Quali ad oggi i bisogni maggiori?
R. - C'è un grande bisogno di cibo e anche la necessità di ospedali e luoghi per la quarantena. Se uno è contaminato in una famiglia, che vive in una stanza di 5 metri quadrati, come è possibile mantenere la distanza e l'isolamento? Tutta la famiglia quindi prenderà il virus. Eppure, nonostante il pericolo di contagio del virus, le persone vogliono lavorare: senza lavoro un numero maggiore di persone morirà più di fame che di coronavirus.
Sappiamo che con le alluvioni pesantissime di questi giorni, è tutto più difficile e anche più difficile portare aiuto. Ecco, come Chiesa che cosa riuscite a fare, in particolare, voi Salesiani?
R. - In alcuni Stati c'è troppa pioggia e questo ha causato la rapida diffusione del virus. Abbiamo aiutato tanta gente, soprattutto i migranti. Come Chiesa abbiamo collaborato con il governo per mettere i nostri ospedali, le istituzioni, le scuole e i collegi al servizio del governo per effettuare i tamponi, per distribure le cure e per far trascorrere le quarantene.
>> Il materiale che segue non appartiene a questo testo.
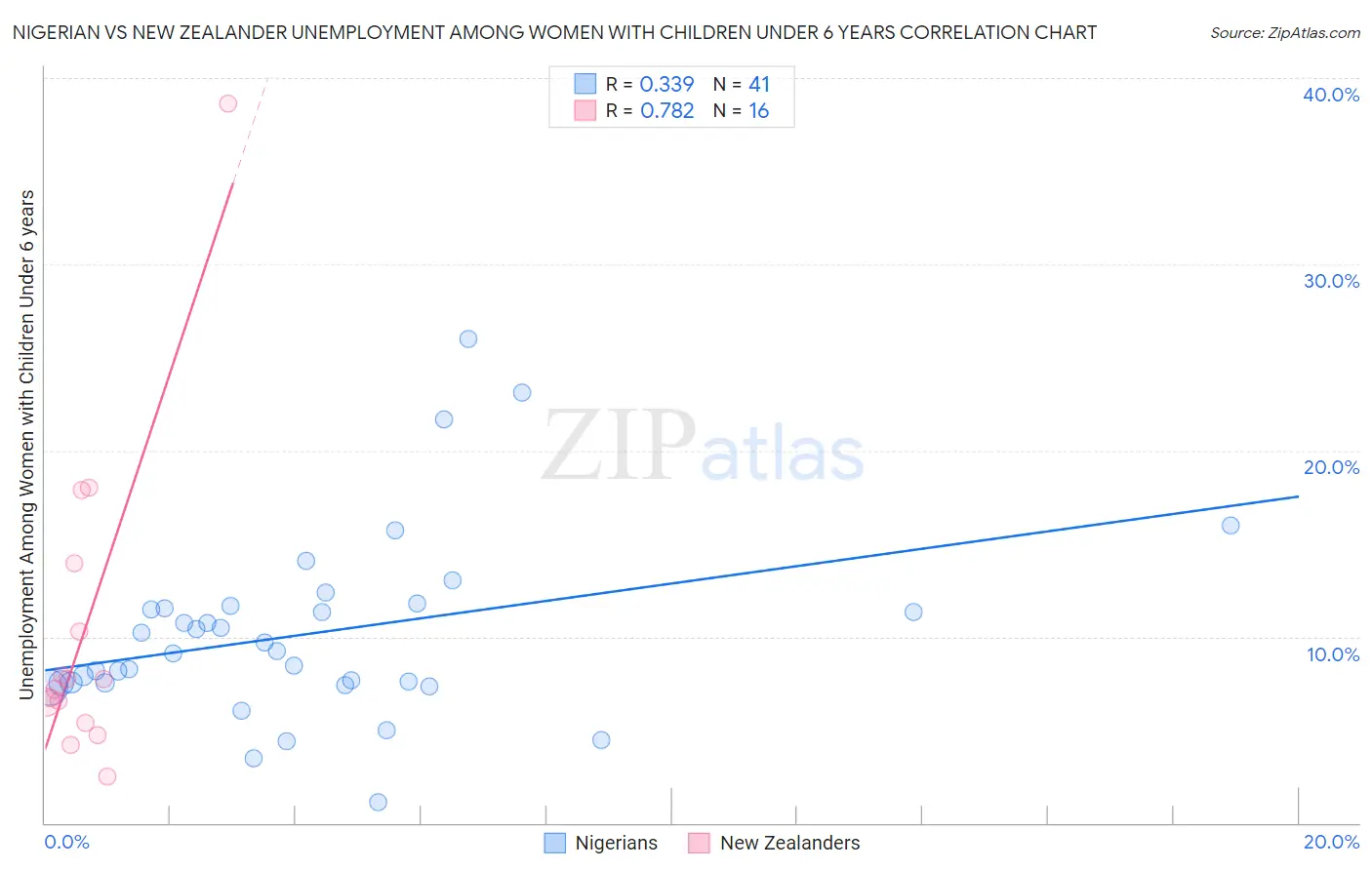 Nigerian vs New Zealander Unemployment Among Women with Children Under 6 years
I soli Salesiani hanno raggiunto più di 2.5 milioni di poveri e di giovani, distribuendo tanto cibo, disinfettanti e kit igienici.
Più di 100 milioni di migranti in India: con il lockdown e il blocco totale, che cosa è successo delle loro vite, che cosa avete potuto fare per loro?
R. - Al momento del lockdown a marzo, poiché tutti i trasporti erano bloccati, c'era un grande esodo di migliaia di migranti, che si mettevano in cammino verso le loro destinazioni. Alcuni hanno camminato fino a 1000 km sotto il caldo estremo e in condizioni difficili. I più sofferenti erano i bambini e le donne e le famiglie con bimbi piccoli. Ci sono così tante storie di persone che hanno camminato per centinaia di chilometri con il desiderio di raggiungere i loro villaggi nativi. Alcuni dicevano: "Vogliamo morire nei nostri villaggi in compagnia dei nostri cari". Abbiamo salvato un gruppo di 42 giovani migranti, che camminavano lungo i binari della ferrovia verso lo Stato nord-orientale dell'Assam e lavoravano nella cava. In generale la Chiesa, i religiosi e i Salesiani sono stati attivi nell'aiutare i migranti a tornare nei loro villaggi di origine in diversi Stati dell'India. Se parliamo della situazione attuale, la maggior parte dei migranti è tornata a casa, ma lì non hanno lavoro, né opportunità, non hanno soldi per comprare cibo. Nella città la maggior parte del lavoro si è fermato: da un lato i migranti vogliono tornare e dall'altro i loro datori di lavoro li vogliono disperatamente. Noi con il governo vorremmo riuscire a garantire che vi sia una migrazione sicura e migliori strutture, migliori salari per i migranti e migliori standard di vita; e vorremmo garantire che i figli dei migranti ricevano istruzione ed educazione adeguata.
Anche nelle vostre comunità, come nel resto del mondo, immaginiamo sia stato pagato un prezzo alto in termini di vite contagiate. Qual è la situazione sotto questo profilo?
R. - È bello vedere tanti molti preti e religiosi che rischiano la vita nella aiutare i poveri e le persone più fragili. In questi giorni abbiamo molti sacerdoti, religiosi e suore, che hanno contratto il virus e abbiamo già la notizia della morte di alcuni di loro che sono stati molto attivi nell'aiutare i poveri.